One of the common frustrations with open source projects is a lack of dicumentation. Coders love to write code (me included). For a coder, it is often a big task just to add sufficient comments to their computer code. Producing good documentation on how to use the program is yet another level of task. And one of the cool apsects of open source programs is that they can change and improve quickly - which is not so cool for those writing documentation.

While building this website, I encountered a documentation problem in Joomla!, the open source content management system that I'm using. Here, however, it seems that information needs to flow in the opposite direction: from the documentation folks back to the coders. A configuration variable called $live_site is known to the documetation folks to be important, but the coders seem to consider it optional and make it hidden to most users.

Documentation

I am the only user for most of my computer code. Still, I find I have to document it pretty carefully for it to be useful. The point is that I do many different projects, and I will often come back to modify some code years after it was originally written.

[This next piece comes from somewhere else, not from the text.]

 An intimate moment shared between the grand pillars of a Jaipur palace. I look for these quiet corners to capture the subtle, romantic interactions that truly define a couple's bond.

There is no way I'm going to remember what I was thinking when I wrote some piece of code last month, let alone last year. My programming rule is that a good documentation must be written first and foremost for myself, and particularly a version of myself who has suffered significant amnesia.

I mention this to note that I truly feel for the writers of documentation. It is a difficult job to make things clear, and even more complex when you need to keep up with a fast changing open source project.

Nevertheless, when you hit a snag from the user perspective, it gets really frustrating and you just want to vent. The documentation folks are the easiest target. "Why couldn' t you just have included this crucial piece of information in the first place?" is probably a cry common to support forums. In my case, that would be shooting the messenger instead of the real source of the problem.

Joomla!

I'm using Joomla! (the exclamation point is part of the name, but rather annoying) as a content management system (CMS). It is pretty easy to use, with a graphical administration interface and lots of nice features. It is the first CMS that I've used, so I can't compare it in detail to others. What helped me try it is that there is a rather large community built around it, both open and commercial.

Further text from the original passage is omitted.